Energy Healing: Some Considerations
Qigong energy healing can be used to heal oneself, and in the advance levels, to heal others through psychic or distant healing.
Most commercialized schools that offer qigong today are only interested in the profits they reap in. Some will indeed offer medical qigong and other types of basic knowledge, but many will charge exorbitant prices and pull in students attracted to the idea of “new age healing” or the “qigong for the ultimate experience!”
I have seen too many students who are too eager to pay hundreds or even thousands of dollars for a weekend qigong session, with the promise that they can do healing immediately after they finish the course.

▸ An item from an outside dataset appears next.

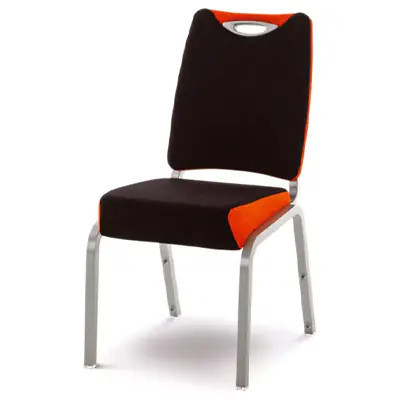 Inicio szék, 6,2kg (09/6H)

If the instructor were honest enough, he/she might teach the real technique, but even with that knowledge, a beginner will not have sufficiently developed healing energy and the ability to control it.
Forget the weekend workshops and the DVD of ten or twenty lessons guaranteed to turn you into a master. There is no quick fix with qigong. It must be practiced regularly, with the commitment to incorporate it long term in one’s lifestyle. That is the essential difference between the traditional approach and the contemporary commercialized approach.
To transform the lifeforce energy that we call chi into healing energy is not something that can be done in a matter of days, weeks or even months. It takes years of patient and unrelenting practice and only the traditional training of committed regular practice can provide that.
Anyone who tells you differently is not following the principles of wude meant to uphold honesty and qigong integrity with the intention of causing no harm to people.
However, that is not to say that you won’t see healing take place in a matter of days or weeks when practicing qigong in the proper traditional manner.
When practiced properly, the exercises are meant to realign body posture; that itself can remove many imbalances in the body, thereby initiating preliminary healing in the practitioner. Developing the healing chi energy also activates the body’s defence system to begin detoxifying the body and healing itself.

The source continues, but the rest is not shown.